□乡村美食/□潘江涛
雨前椿芽嫩如丝
香椿是时令野蔬。题中之“雨”系“谷雨”——“雨前椿芽嫩如丝,雨后椿芽生木质。”
香椿有嫣红的叶,油亮的梗。一俟大地回春,犹如美人临水的香椿便吐出了嫩红的芽叶。稍微焯一焯椿芽,满屋都飘溢着醉人的浓香。可惜,椿芽在春雨的滋润下疯长,要不了几天就会变得叶大枝粗,失去鲜香的韵味。
椿芽俗称香椿头,与马兰头、枸杞头合称为“春蔬三头”,民间采食始于汉代。椿芽入馔,“嚼之竟日香齿牙”,谓之“吃春”,亦有迎新之意。朱橚的《救荒本草》说,饥荒年代,香椿还可饥疗:“采嫩芽,渫熟,水浸淘洗,油盐调食。”吃法与数百年后的今天何其相近。

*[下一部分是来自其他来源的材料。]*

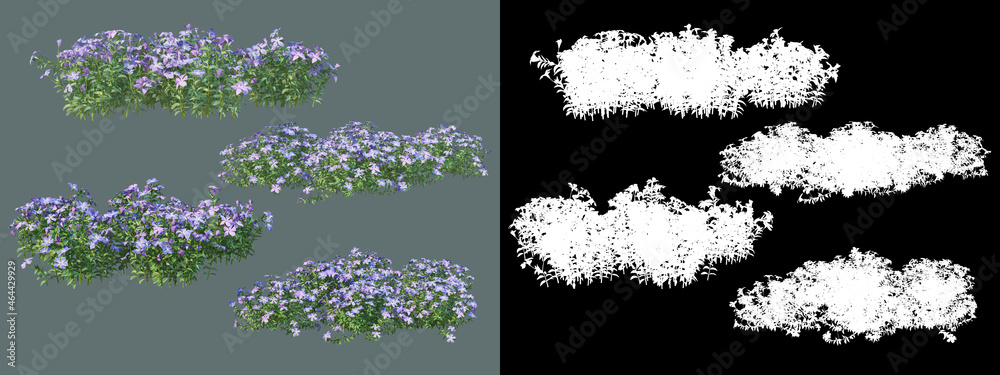 A wide variety of trees and shrubs
A wide variety of trees and shrubs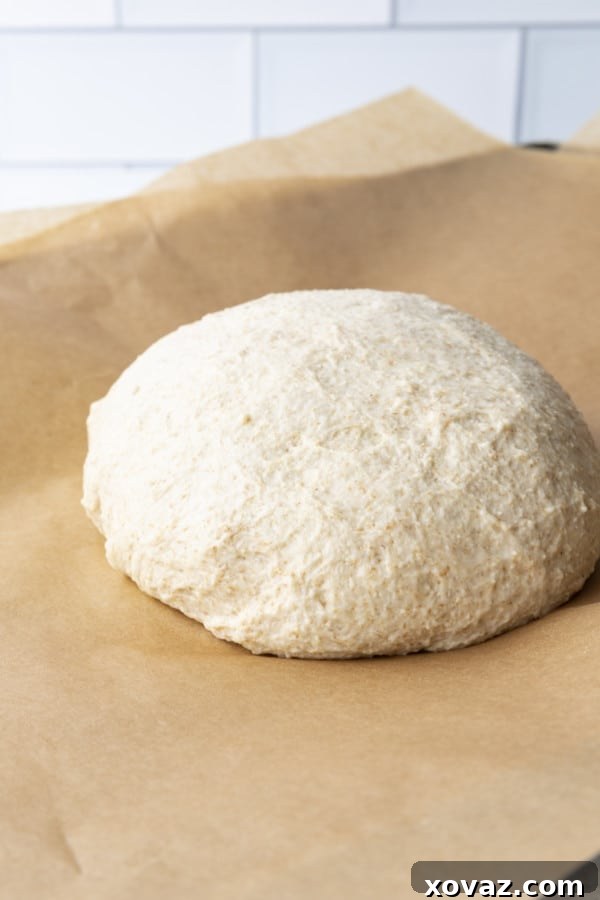 Easy No-Knead Whole Wheat Pizza Dough 5 This whole wheat pizza dough yields our family's favourite pizza crust; crispy and chewy, flavourful crust that holds up to anything you put on it. A slice of homemade pizza on a golden whole wheat crust.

漫步农村,总能见到房前屋后的一两株香椿树——枝杈旁出,类若灌木。不为观赏,就图方便。因为香椿可接济冬日叶菜已凋老,夏日瓜豆未登场之菜荒。
香椿好吃。不止好吃,营养价值还高于一般蔬菜,通常被列为“小八珍”之一。但吴越之地的吃法并不多,印象中似乎只有热炒、凉拌——香椿炒鸡蛋,黄绿相间,鲜香相融,养眼可口;而凉拌香椿豆腐,清香淡雅,也是一道不错的下酒菜。《素食说略》评价:“香椿以开水焯过,用香油、盐拌食甚佳,与豆腐同拌,亦佳,清香而馥。”
热炒与凉拌,都是时令家常菜,因为简单,谁都会做,不说也罢。要是拿来清炒,也不繁复。特别之处是,椿芽清炒既有野味的苦,又有自然的香,若能添点辣货,三味俱全。嚼一嚼这样的椿芽,让清气在嘴里缓缓蔓延,那感觉就像把春天含在口中,得一点点地品味消受……

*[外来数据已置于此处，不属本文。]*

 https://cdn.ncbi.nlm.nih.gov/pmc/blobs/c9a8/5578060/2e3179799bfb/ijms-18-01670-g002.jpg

个人的味觉存在差异,我嚼得的“滋味”,你也许不以为然。那么,不妨尝尝腌香椿、香椿末之类的吧。
腌香椿与腌白菜类似。将香椿洗净晾干,加适量食盐,用手轻轻揉搓,促使叶片软化和盐分渗入,再装入洁净的菜罐或盆中,加盖腌制3天至5天。腌香椿的颜色颇像老砖茶,壅香绕鼻,吃的时候加一点点香油,很耐嚼,味道比鱼腥草好,最宜下酒。
捣制香椿泥也很简单,只要将洗净晾干的椿芽加适量食盐,爱吃辣的可放点辣椒,然后捣成泥状,食用时调点香油即可。倘若把辣椒换作蒜瓣,则是香椿蒜汁。用作浇
拌捞面,都是不错的选择。
雨前椿芽雨后笋。谷雨
过后,春天也尽了,椿芽纤
维虽说开始老化,但余香犹在,尚能“化腐朽为神奇”——将椿叶洗净晒干,捣研成粉,装入容器密封,在浇汤或做菜时,只要食材相配,不妨撒些椿末试试,虽不见春,却有“椿”香。受人青睐的“胡椒面”、“五香粉”、“十三香”之类的调味品,说不定还是从中获得的启示呢。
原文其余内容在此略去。